# Exercise directions
Below is a listing. Set down exactly the lines from the one containing "Official NFL Jam" through the one containing "Comuna CIOFRANGENI în prag de Sărbători", both ends included, and leave out the rest.

# Entries supplied
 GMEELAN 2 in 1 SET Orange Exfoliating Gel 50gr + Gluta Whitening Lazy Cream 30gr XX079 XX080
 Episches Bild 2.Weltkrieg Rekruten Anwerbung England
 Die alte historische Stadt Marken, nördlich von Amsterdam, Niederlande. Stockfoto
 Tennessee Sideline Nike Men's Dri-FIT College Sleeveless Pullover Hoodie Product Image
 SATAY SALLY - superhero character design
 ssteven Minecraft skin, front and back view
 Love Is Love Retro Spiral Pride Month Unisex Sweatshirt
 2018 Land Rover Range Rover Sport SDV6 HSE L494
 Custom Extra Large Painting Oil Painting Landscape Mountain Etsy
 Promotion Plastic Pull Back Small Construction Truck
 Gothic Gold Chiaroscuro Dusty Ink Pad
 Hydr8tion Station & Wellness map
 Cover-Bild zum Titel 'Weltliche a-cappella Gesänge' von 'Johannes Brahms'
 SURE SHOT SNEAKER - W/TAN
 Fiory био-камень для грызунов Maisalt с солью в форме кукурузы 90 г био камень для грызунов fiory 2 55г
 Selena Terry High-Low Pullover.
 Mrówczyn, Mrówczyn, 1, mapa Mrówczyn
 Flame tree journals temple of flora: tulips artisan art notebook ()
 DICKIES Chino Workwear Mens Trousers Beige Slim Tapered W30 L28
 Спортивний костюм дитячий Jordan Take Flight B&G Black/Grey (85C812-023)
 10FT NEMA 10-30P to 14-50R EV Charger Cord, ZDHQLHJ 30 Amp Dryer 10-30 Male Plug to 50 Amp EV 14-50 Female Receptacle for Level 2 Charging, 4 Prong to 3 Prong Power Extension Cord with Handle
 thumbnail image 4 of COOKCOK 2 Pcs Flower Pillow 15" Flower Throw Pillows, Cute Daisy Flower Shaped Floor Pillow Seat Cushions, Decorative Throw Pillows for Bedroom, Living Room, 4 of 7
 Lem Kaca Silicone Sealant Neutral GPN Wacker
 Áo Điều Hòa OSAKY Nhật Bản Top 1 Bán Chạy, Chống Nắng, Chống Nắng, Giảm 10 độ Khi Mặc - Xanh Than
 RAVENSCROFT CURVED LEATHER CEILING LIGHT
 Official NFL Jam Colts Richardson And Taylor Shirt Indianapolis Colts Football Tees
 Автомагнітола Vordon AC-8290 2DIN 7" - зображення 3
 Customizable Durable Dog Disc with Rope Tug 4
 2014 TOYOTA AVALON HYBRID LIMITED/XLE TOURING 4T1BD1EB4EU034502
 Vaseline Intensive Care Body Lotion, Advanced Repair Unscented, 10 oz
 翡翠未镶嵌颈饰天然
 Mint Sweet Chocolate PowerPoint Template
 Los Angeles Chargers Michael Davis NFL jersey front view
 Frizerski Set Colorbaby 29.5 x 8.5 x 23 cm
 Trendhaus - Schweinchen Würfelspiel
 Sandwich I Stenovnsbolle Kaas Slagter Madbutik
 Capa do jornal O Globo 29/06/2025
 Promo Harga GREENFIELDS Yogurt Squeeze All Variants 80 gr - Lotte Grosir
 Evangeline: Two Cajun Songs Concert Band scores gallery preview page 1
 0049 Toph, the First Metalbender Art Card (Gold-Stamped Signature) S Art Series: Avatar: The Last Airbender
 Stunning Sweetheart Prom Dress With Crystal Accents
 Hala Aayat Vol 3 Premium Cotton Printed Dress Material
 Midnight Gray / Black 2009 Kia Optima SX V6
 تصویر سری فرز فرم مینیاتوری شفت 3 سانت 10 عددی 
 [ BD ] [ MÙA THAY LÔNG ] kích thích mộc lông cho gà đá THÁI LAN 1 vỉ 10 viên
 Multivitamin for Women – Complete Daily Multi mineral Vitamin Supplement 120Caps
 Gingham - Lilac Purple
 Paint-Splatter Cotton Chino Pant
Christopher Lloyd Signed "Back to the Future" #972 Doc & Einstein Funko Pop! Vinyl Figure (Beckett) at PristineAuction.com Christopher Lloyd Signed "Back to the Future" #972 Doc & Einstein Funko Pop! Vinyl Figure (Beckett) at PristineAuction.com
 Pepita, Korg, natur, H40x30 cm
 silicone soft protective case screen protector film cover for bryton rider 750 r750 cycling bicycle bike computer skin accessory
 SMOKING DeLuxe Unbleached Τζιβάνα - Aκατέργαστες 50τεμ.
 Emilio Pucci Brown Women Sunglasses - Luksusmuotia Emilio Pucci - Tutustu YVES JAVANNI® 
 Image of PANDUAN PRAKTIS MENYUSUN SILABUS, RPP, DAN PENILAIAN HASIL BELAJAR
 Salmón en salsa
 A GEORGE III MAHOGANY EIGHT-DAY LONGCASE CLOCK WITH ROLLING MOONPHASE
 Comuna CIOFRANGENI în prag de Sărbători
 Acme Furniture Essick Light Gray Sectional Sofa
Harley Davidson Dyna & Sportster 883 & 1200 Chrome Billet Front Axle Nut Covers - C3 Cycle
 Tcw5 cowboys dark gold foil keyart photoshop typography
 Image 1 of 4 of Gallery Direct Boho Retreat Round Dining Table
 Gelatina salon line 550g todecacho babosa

# Task answer
 Official NFL Jam Colts Richardson And Taylor Shirt Indianapolis Colts Football Tees
 Автомагнітола Vordon AC-8290 2DIN 7" - зображення 3
 Customizable Durable Dog Disc with Rope Tug 4
 2014 TOYOTA AVALON HYBRID LIMITED/XLE TOURING 4T1BD1EB4EU034502
 Vaseline Intensive Care Body Lotion, Advanced Repair Unscented, 10 oz
 翡翠未镶嵌颈饰天然
 Mint Sweet Chocolate PowerPoint Template
 Los Angeles Chargers Michael Davis NFL jersey front view
 Frizerski Set Colorbaby 29.5 x 8.5 x 23 cm
 Trendhaus - Schweinchen Würfelspiel
 Sandwich I Stenovnsbolle Kaas Slagter Madbutik
 Capa do jornal O Globo 29/06/2025
 Promo Harga GREENFIELDS Yogurt Squeeze All Variants 80 gr - Lotte Grosir
 Evangeline: Two Cajun Songs Concert Band scores gallery preview page 1
 0049 Toph, the First Metalbender Art Card (Gold-Stamped Signature) S Art Series: Avatar: The Last Airbender
 Stunning Sweetheart Prom Dress With Crystal Accents
 Hala Aayat Vol 3 Premium Cotton Printed Dress Material
 Midnight Gray / Black 2009 Kia Optima SX V6
 تصویر سری فرز فرم مینیاتوری شفت 3 سانت 10 عددی 
 [ BD ] [ MÙA THAY LÔNG ] kích thích mộc lông cho gà đá THÁI LAN 1 vỉ 10 viên
 Multivitamin for Women – Complete Daily Multi mineral Vitamin Supplement 120Caps
 Gingham - Lilac Purple
 Paint-Splatter Cotton Chino Pant
Christopher Lloyd Signed "Back to the Future" #972 Doc & Einstein Funko Pop! Vinyl Figure (Beckett) at PristineAuction.com Christopher Lloyd Signed "Back to the Future" #972 Doc & Einstein Funko Pop! Vinyl Figure (Beckett) at PristineAuction.com
 Pepita, Korg, natur, H40x30 cm
 silicone soft protective case screen protector film cover for bryton rider 750 r750 cycling bicycle bike computer skin accessory
 SMOKING DeLuxe Unbleached Τζιβάνα - Aκατέργαστες 50τεμ.
 Emilio Pucci Brown Women Sunglasses - Luksusmuotia Emilio Pucci - Tutustu YVES JAVANNI® 
 Image of PANDUAN PRAKTIS MENYUSUN SILABUS, RPP, DAN PENILAIAN HASIL BELAJAR
 Salmón en salsa
 A GEORGE III MAHOGANY EIGHT-DAY LONGCASE CLOCK WITH ROLLING MOONPHASE
 Comuna CIOFRANGENI în prag de Sărbători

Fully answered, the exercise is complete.